_The task_
Retype, word for word, each line between the lines holding "Студия квартира, на" and "Norteño Day Party", inclusive, and leave the rest of the data alone.

_Available data_

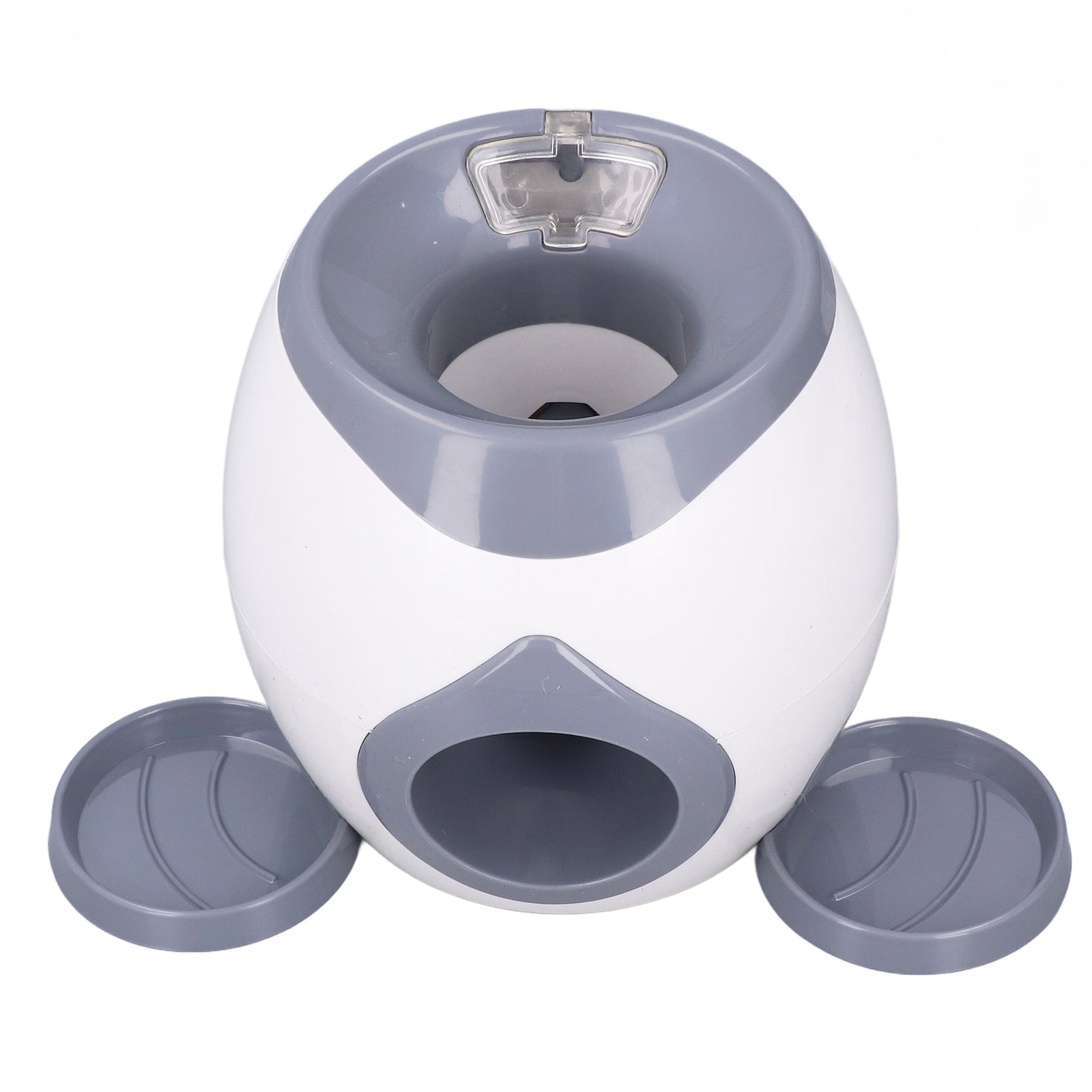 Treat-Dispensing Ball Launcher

--

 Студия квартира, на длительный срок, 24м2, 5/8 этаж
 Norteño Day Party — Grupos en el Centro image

_Solution to this task_
 Студия квартира, на длительный срок, 24м2, 5/8 этаж
 Norteño Day Party — Grupos en el Centro image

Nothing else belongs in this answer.